Your assignment: Print, word for word, every line from the beginning of the listing up to and including the line with "Hemangioma - CTisus CT Scan". Pictures are to be excluded.
%%
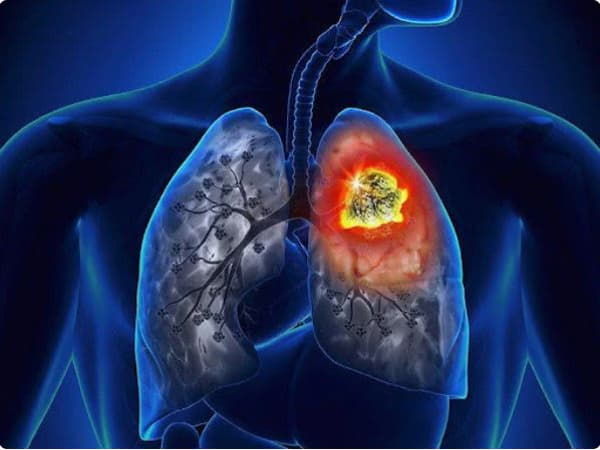 Dấu hiệu ung thư phổi ở nữ giới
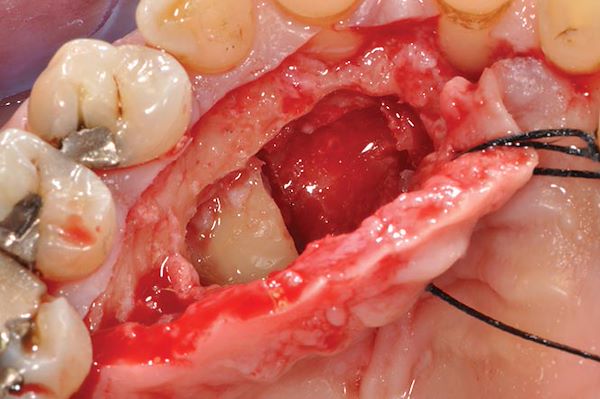 Odontotomia dell’elemento 23 per permettere l’estrazione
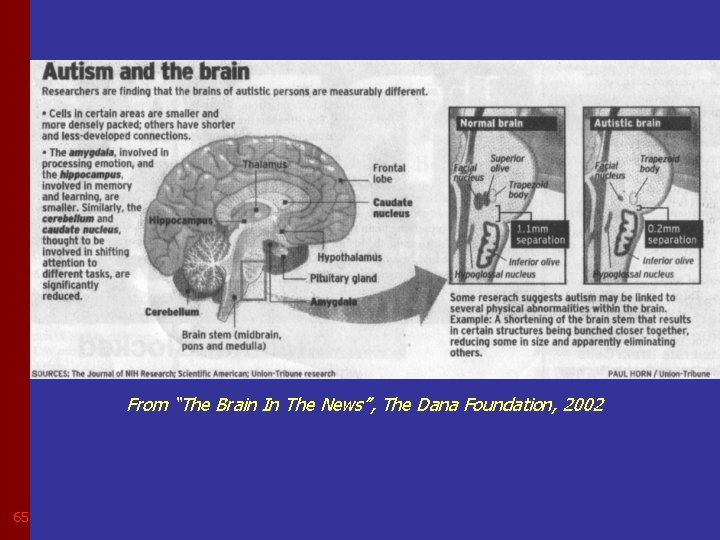 Autism and the brain……. From “The Brain In The News”, The Dana Foundation, 2002
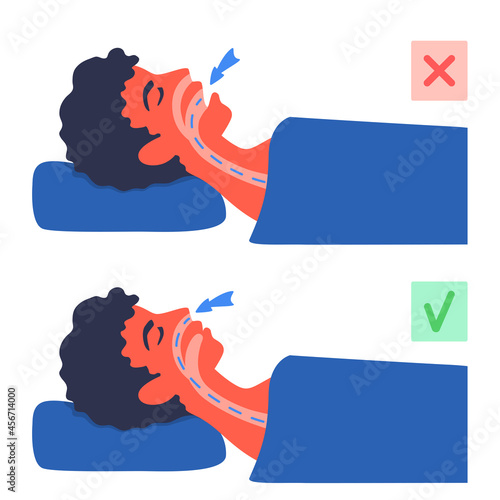 Breathing in asleep. A man laying on his back with an open, closed mouth. Incorrect and correct airflow. Air going through nose and mouth. Snoring, sleep apnea problem. A vector cartoon illustration.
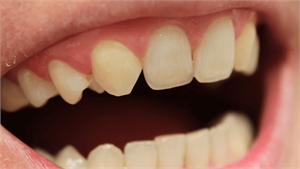 Hypodontia - missing lateral incisors with a closed space.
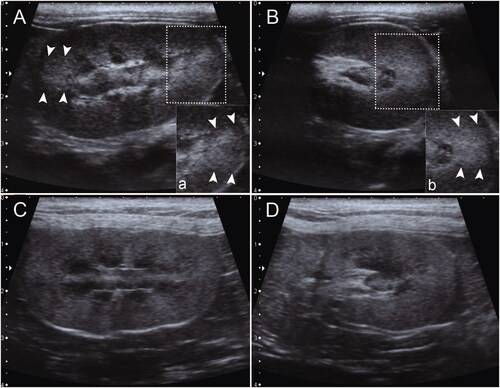 Figure 1. The presence (A, B) and absence (C, D) of renal CABA in median longitudinal (A, C) and transverse (B, D) plane of the feline kidney. Magnified images of the presence of renal CABA from the rectangular dotted region of (A) and (B) are shown in (a) and (b), respectively. The arrowheads indicate focal hyperechogenic trapezoid regions with indistinct or faded margins at 3 and 9 o’clock of the renal cortex compared with the rest of the cortex.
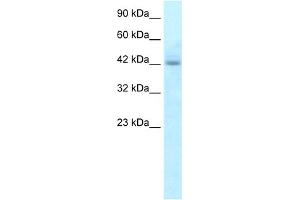 WB Suggested Anti-RGS20 Antibody Titration:  5. (RGS20 抗体  (N-Term))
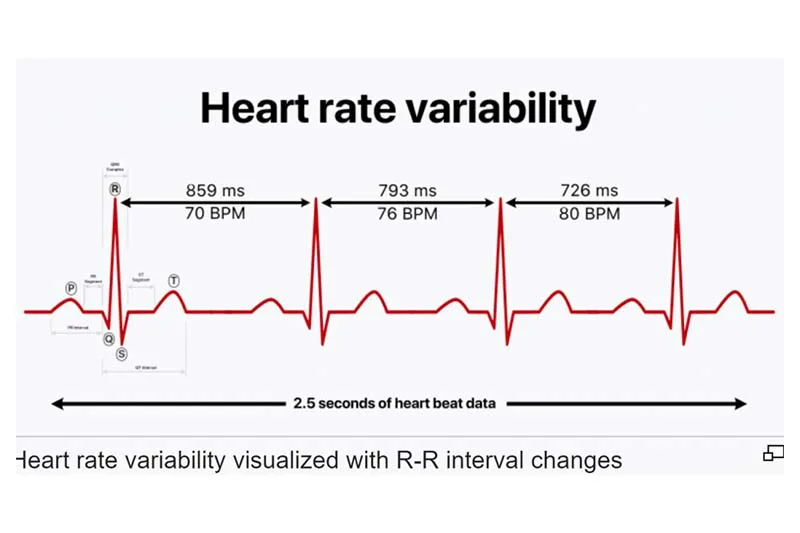 HRV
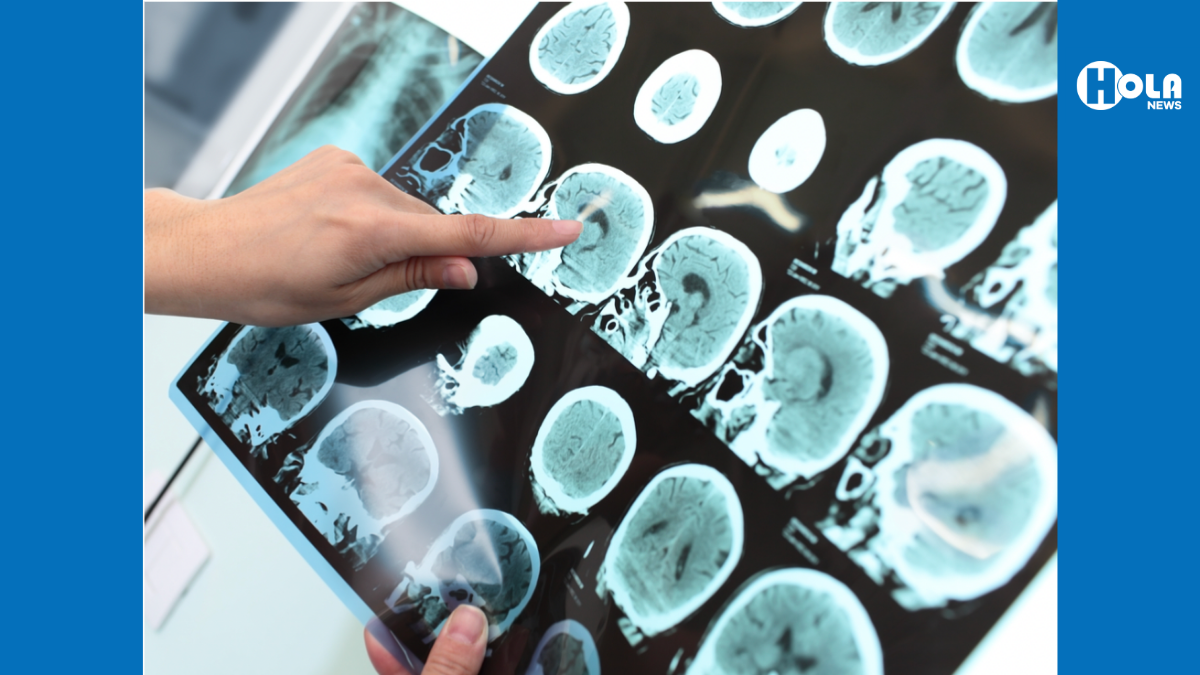 Universidades realizan ensayos clínicos de medicamento para prevenir el Alzheimer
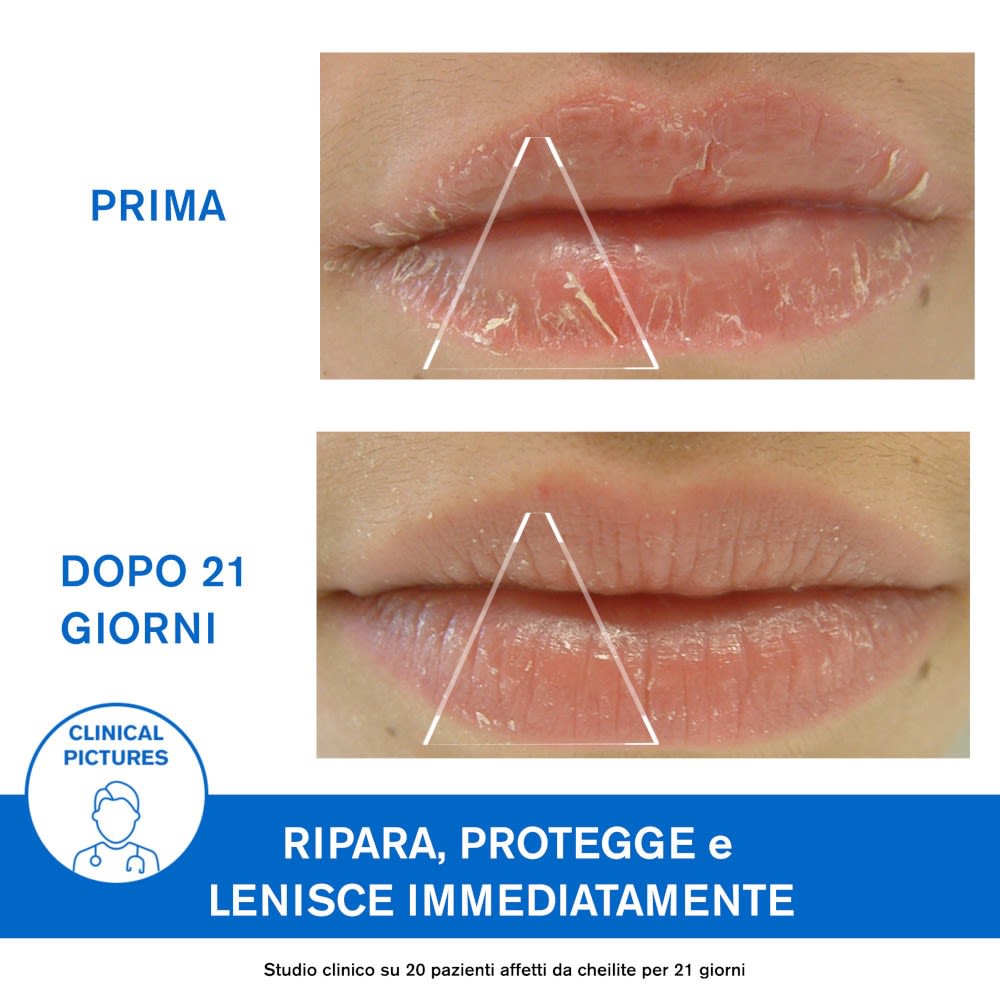 image - 971272556 - BARIEDERM CICA-LEVRES 15 ML - 7871422_9.jpg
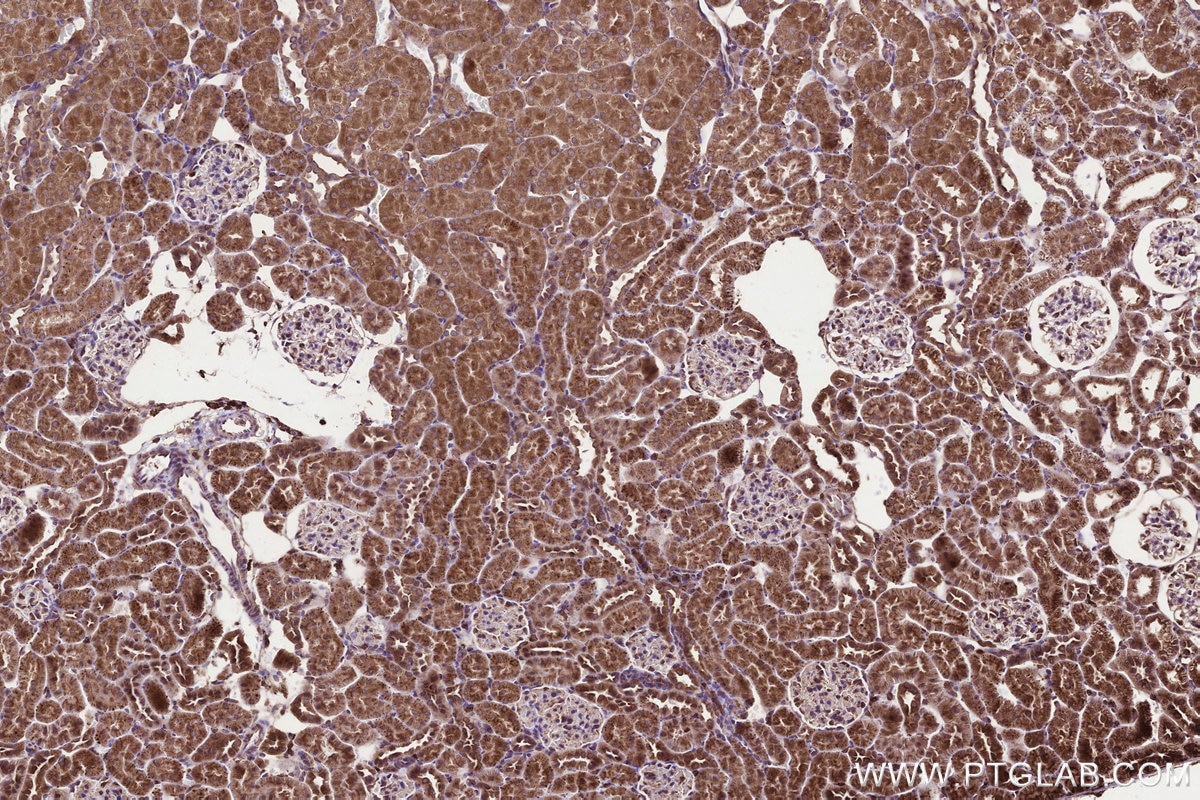 Immunohistochemical analysis of paraffin-embedded rat kidney tissue slide using KHC3292 (KTELC1 IHC Kit).
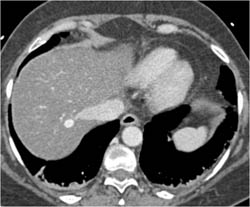 Hemangioma - CTisus CT Scan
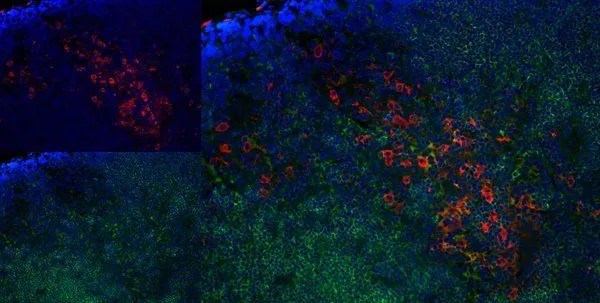 IHC-Fr staining of rat lymph node with Mouse anti Rat CD163 antibody (GTX42367), red an A and Mouse anti Rat CD8, green in B. C is the merged image with nuclei counter-stained blue using DAPI. High power IHC-Fr staining of rat lymph node with Mouse anti Rat CD163 antibody (GTX42367), red an A and Mouse anti Rat CD8, green in B. C is the merged image with nuclei counter-stained blue using DAPI. High power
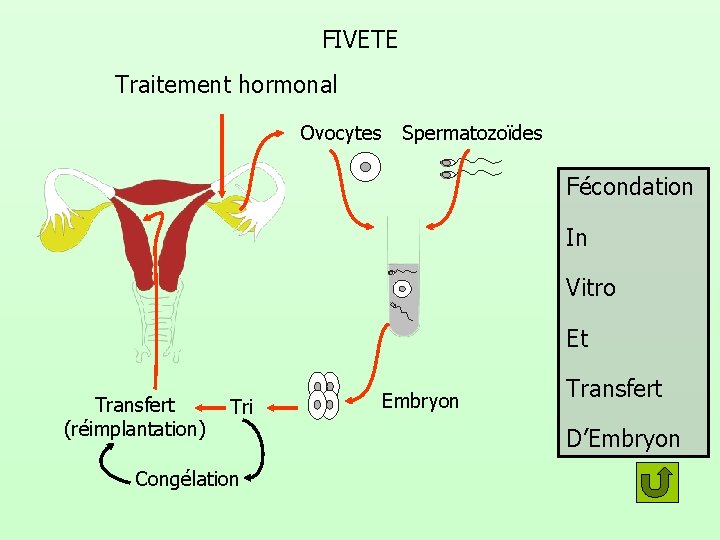 FIVETE Traitement hormonal Ovocytes Spermatozoïdes Fécondation In Vitro Et Transfert (réimplantation) Tri Congélation Embryon FIVETE Traitement hormonal Ovocytes Spermatozoïdes Fécondation In Vitro Et Transfert (réimplantation) Tri Congélation Embryon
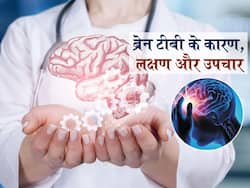 ब्रेन टीबी के कारण, लक्षण, इलाज और उपचार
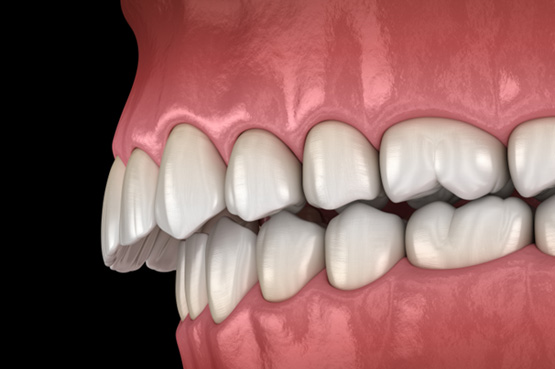 Illustration of an overbite
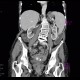 Pyometra, reactive changes of small bowel: CT - Computed tomography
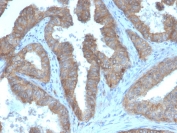 IHC staining of FFPE human prostate carcinoma with CD47 antibody (clone CD47/3019). HIER: boil tissue sections in pH 9 10mM Tris with 1mM EDTA for 10-20 min and allow to cool before testing.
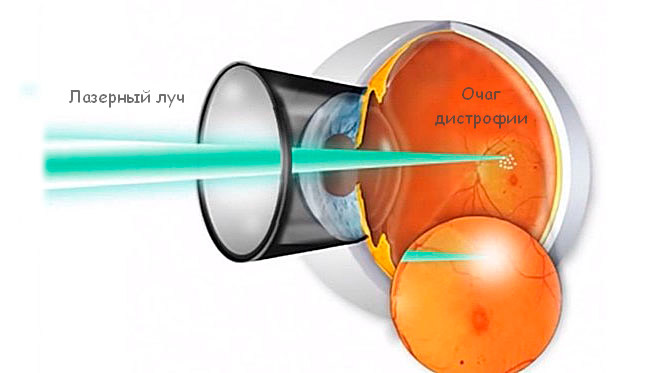Лазерная коагуляция сетчатки глаза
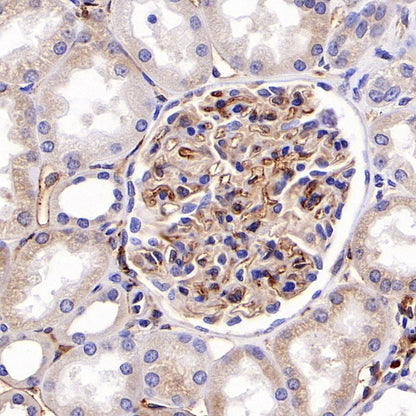 HLA-DRB1 Recombinant Rabbit mAb (SDT-R253)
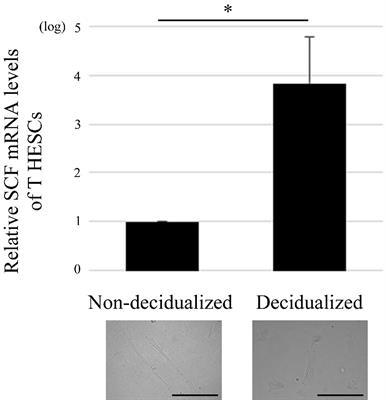 Decidualization of Stromal Cells Promotes Involvement of Mast Cells in Successful Human Pregnancy by Increasing Stem Cell Factor Expression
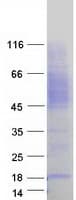 Human ICAM2 / CD102 Protein (Recombinant Myc-DDK (Flag))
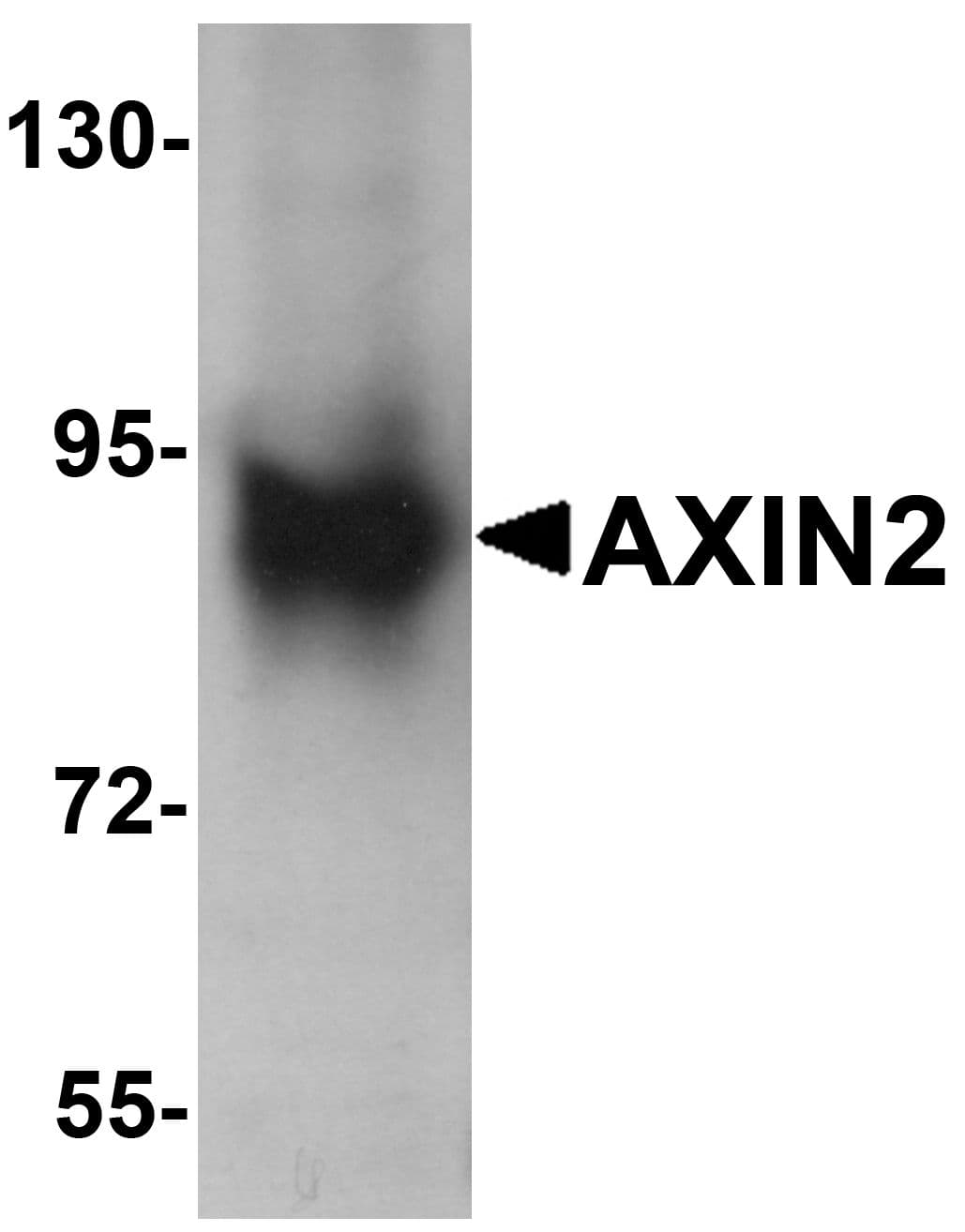 PathPlus™ Polyclonal Rabbit anti-Human AXIN2 / Axin 2 Antibody (IHC, IF, WB)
%%
Output for this task:
 Dấu hiệu ung thư phổi ở nữ giới
 Odontotomia dell’elemento 23 per permettere l’estrazione
 Autism and the brain……. From “The Brain In The News”, The Dana Foundation, 2002
 Breathing in asleep. A man laying on his back with an open, closed mouth. Incorrect and correct airflow. Air going through nose and mouth. Snoring, sleep apnea problem. A vector cartoon illustration.
 Hypodontia - missing lateral incisors with a closed space.
 Figure 1. The presence (A, B) and absence (C, D) of renal CABA in median longitudinal (A, C) and transverse (B, D) plane of the feline kidney. Magnified images of the presence of renal CABA from the rectangular dotted region of (A) and (B) are shown in (a) and (b), respectively. The arrowheads indicate focal hyperechogenic trapezoid regions with indistinct or faded margins at 3 and 9 o’clock of the renal cortex compared with the rest of the cortex.
 WB Suggested Anti-RGS20 Antibody Titration:  5. (RGS20 抗体  (N-Term))
 HRV
 Universidades realizan ensayos clínicos de medicamento para prevenir el Alzheimer
 image - 971272556 - BARIEDERM CICA-LEVRES 15 ML - 7871422_9.jpg
 Immunohistochemical analysis of paraffin-embedded rat kidney tissue slide using KHC3292 (KTELC1 IHC Kit).
 Hemangioma - CTisus CT Scan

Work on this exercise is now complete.